SHAUN PEARSON insists departing Wrexham manager Dean Keates can leave the Racecourse “with his head held high”.

Wrexham failed to get the win they needed at Dagenham and Redbridge on Saturday to clinch a play-off spot with the 1-1 draw condemning the Reds to a 14th campaign in non-league.

Just 24 hours later and the club, owned by Hollywood stars Rob McElhenney and Ryan Reynolds, revealed that Keates, out of contract at the end of the season, will not be offered a new deal along with assistant manager Andy Davies and first team coach Carl Darlington who have also left The Racecourse.

Keates returned for a second spell as manager in October 2019 and Wrexham only just avoided relegation last term when the final table was calculated using a Points Per Game method.

The Reds challenged for promotion this season and although they came up short in the end, captain Pearson believes Keates deserves credit for turning things around.

“I have no idea what their criteria was in terms of Dean keeping his job,” said Pearson.

“But one thing the gaffer can do is walk away with his head held high because he has done a good job.
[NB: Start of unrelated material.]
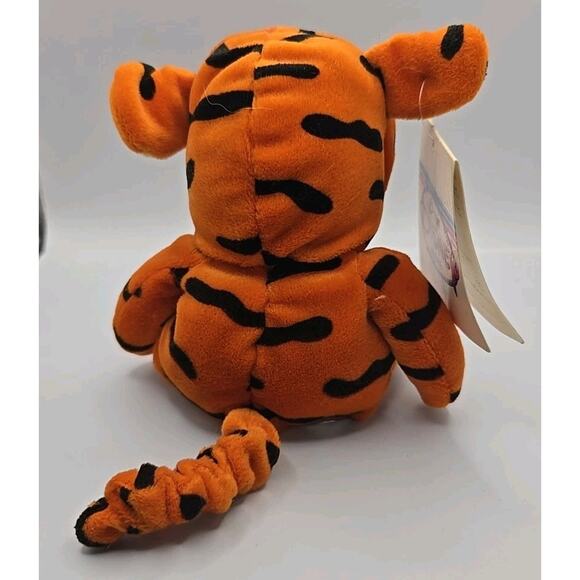 1999 Mini Bean Winnie The Pooh Bear As Tigger The Disney Store w Tag BB28 - Picture 4 of 6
“I know some people automatically think Wrexham are a big club and should be in the top spots, and that was our ambition this season and we came up short.

“But he has turned it around from a team that really struggled last season to being at the top end this season, and with a little bit of fortune we might just have snuck in there.”

Wrexham were also challenging for promotion during Keates’ first spell at the helm but after he left to take charge of hometown club Walsall in March 2018, the Reds missed out on the play-offs.

Despite having three managers the following season, Wrexham clinched a top-seven finish - Bryan Hughes’ side lost 1-0 to Eastleigh in the play-off elimination round - and Pearson insists there are once again solid foundations in place for Keates’ successor.

“The last time Dean left the club he left it in a much better place than what he found it,” said Pearson.

“The foundations were there for Sam Ricketts to come in and move the club forward, and we had a good season following on.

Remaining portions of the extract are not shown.